Hi. i have a problem with my keyboard, the " and @ are in the wrong place. (I mean I hold shift & press the 2 key, but i get @ instead of ", and vice versa). Also, i cant access my hash (or sharp) key, I get a '|' as normal, and a '|' when i hold shift. I have heard there are a few things you can do to remedy this, but i would rather take advice from someone who KNOWS what they are talking about, not just someones Ideas.

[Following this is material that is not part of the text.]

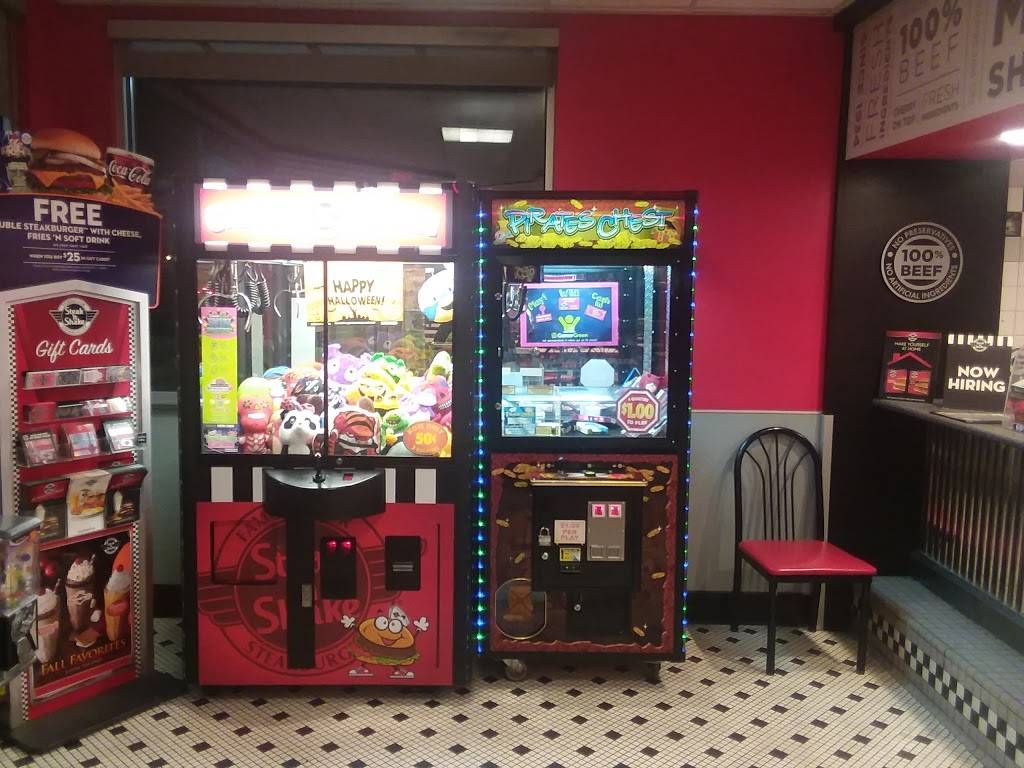 Steak n Shake | restaurant | 980 E Lewis and Clark Pkwy, Clarksville, IN 47129, USA | 8122851154 OR +1 812-285-1154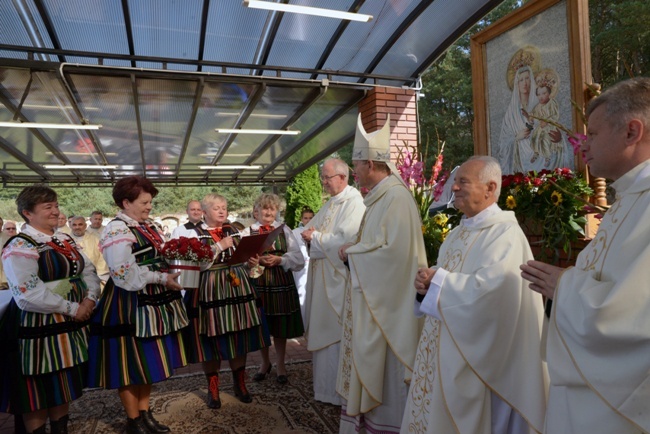 Pielgrzymka Rodziny Różańcowej do Wysokiego Koła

Ive had this prob since I had my keyboard, (a few years) & ive just lived with it. Now, I would like to put it right.
Any help would be appreciated.

Thanks


----------



## rich13348

*Re: My Keyboard keys are in wrong place*

ok you have your keyboard set to american. this is how you salve the issue: go to control panel -> regional and language options -> click on the languages tab at the top -> then click details button in text services and input languages -> click the blue arrow pointing down beside English (United States) - US -> then click on English (United Kingdom) - UK -> click Apply ->then click OK -> then click OK in regional and language options window. now try typing stuff you should be working now


----------



## horse1977

*Re: My Keyboard keys are in wrong place*

lol - Cool, thanks a lot. yes ! Its sorted now. How simple.

"@#~'2 - great !

Thank you pal


----------